**TASK OBJECTIVE:**
The answer should hold only the lines from the one containing "Onderkanten van witte" through the one containing "2012 HYUNDAI SONATA Middle-low level" in the entries below, copied exactly, without pictures.

**DATA FOR THE TASK:**
• • • •
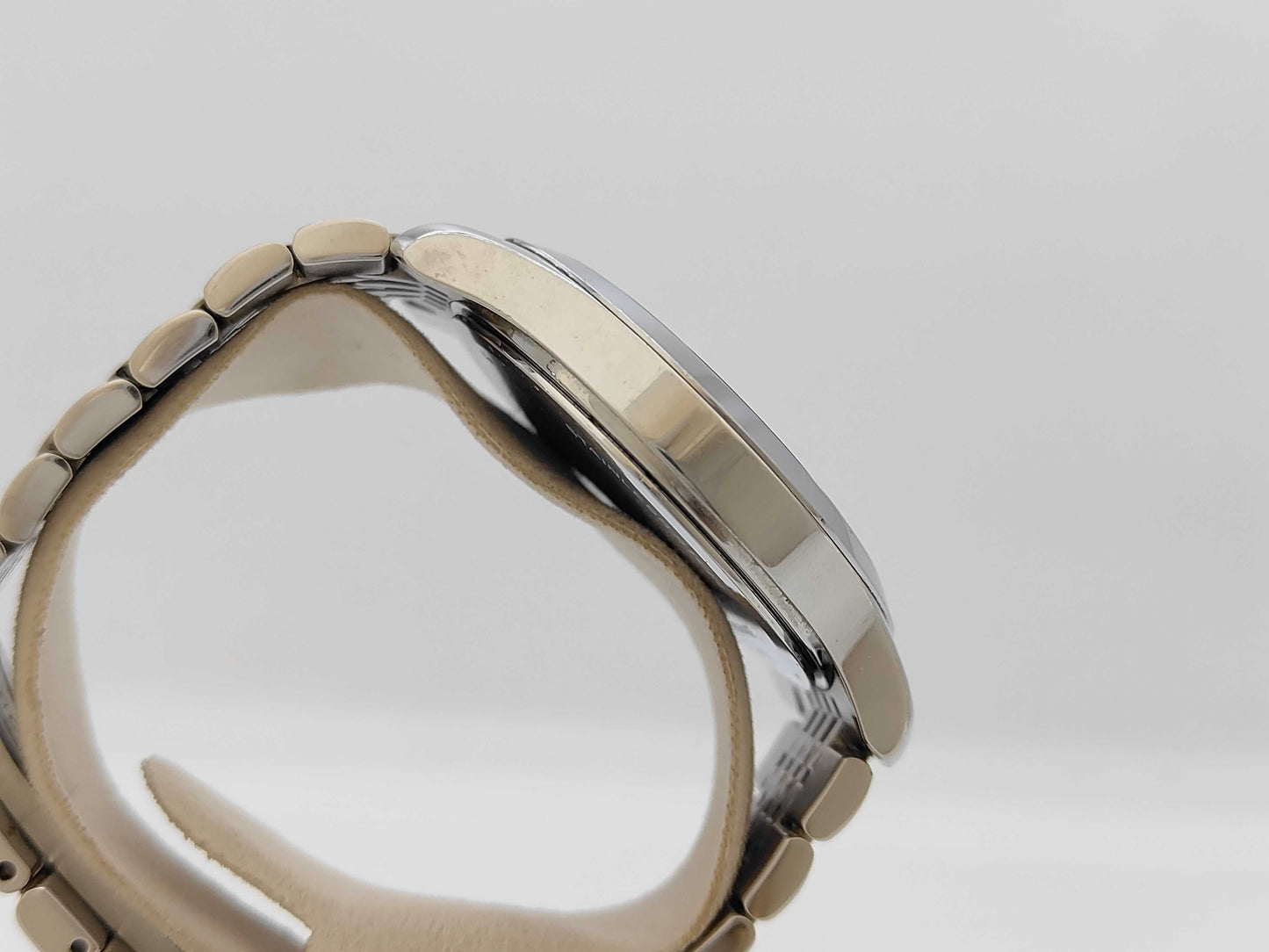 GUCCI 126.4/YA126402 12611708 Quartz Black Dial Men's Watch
• • • •
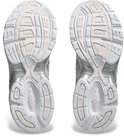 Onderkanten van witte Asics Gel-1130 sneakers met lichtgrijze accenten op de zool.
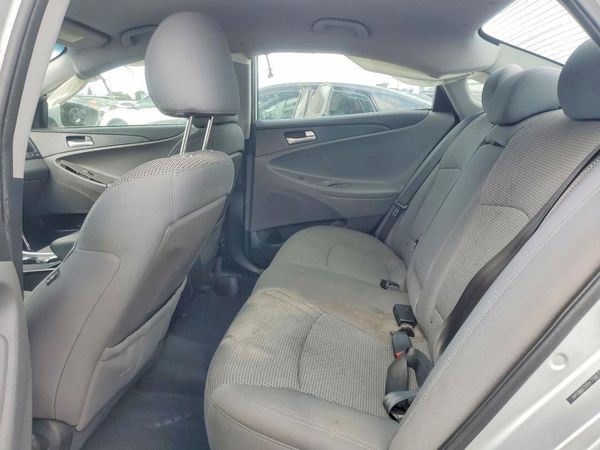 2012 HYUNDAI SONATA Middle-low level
• • • •
**EXPECTED ANSWER:**
 Onderkanten van witte Asics Gel-1130 sneakers met lichtgrijze accenten op de zool.
 2012 HYUNDAI SONATA Middle-low level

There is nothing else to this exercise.